Barking Out Orders

orderingOne big roadblock to good communication is delivering solutions, with ‘ordering’ a prime solution delivery vehicle for many parents.

“Get over here right now! (or you’ll be sorry)”

“Stop making that noise and go make yourself useful. (Don’t make me come over there”)

An order is a solution that is sent coercively and backed by authoritative force.  When coercion is used, resentment and resistance is often the result.  Sabotage is another option.

Children who are constantly given orders may become very submissive and compliant.  Orders imply that the child lacks good judgment and therefore undermines their developing self-esteem.

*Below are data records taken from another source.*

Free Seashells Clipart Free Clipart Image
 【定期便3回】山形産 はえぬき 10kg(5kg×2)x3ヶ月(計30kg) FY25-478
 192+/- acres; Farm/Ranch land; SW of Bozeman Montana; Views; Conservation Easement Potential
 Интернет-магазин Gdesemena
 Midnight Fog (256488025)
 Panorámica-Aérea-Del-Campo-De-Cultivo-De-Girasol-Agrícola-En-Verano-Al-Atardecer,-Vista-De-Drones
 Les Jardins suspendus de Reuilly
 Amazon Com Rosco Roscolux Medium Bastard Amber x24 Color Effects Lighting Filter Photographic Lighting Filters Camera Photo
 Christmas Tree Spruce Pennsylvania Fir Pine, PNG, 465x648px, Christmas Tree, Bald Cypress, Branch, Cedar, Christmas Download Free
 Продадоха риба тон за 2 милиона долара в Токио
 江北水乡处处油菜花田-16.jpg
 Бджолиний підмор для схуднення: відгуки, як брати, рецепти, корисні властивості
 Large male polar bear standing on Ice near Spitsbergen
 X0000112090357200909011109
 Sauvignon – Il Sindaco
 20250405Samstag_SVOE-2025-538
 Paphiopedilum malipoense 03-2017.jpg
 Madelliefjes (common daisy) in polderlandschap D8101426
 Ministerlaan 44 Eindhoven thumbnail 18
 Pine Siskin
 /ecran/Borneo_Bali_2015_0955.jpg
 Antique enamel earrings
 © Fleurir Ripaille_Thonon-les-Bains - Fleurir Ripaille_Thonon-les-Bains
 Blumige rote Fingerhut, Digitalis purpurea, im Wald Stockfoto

Orders command action and reinforce to the child the subservient role that they know they occupy.  The parent has all the power (at least with young children), which may allow the parent to feel good, especially if don’t enjoy the same level of influence in their adult relationships.  But to abuse this power by constantly ordering their children around serves to model bad behavior for the child to copy.

Children order their siblings around, which leads to resentment.  A common sibling reply to an order is “You’re not the boss of me!” (Or the older child version: “Who died and made you boss?“)  They are imitating what they see and what they want – to be the power in the relationship.  Often these children grow up to be intimidating bosses to fearful employees.

Orders are absolutely appropriate when the child is in imminent danger. “Don’t touch the hot stove!”, “Stop- don’t cross the street!  A car is coming!”  And when those orders are few and far between, it guarantees that when you raise your voice in an important order, you will be listened to.

When there is no imminent danger present, there are many more respectful ways to communicate with children of any age instead of ordering them around.

With a military trained father, orders were the norm in our house: “Please pass the salt” resulted in a response of “Please pass the salt WHAT?” to which the expected reply was, “Please pass the salt, SIR!”.  Boot camp training in respect for little children who didn’t know they signed up for the 18-year tour of duty! Yikes!  Don’t do this to your kids.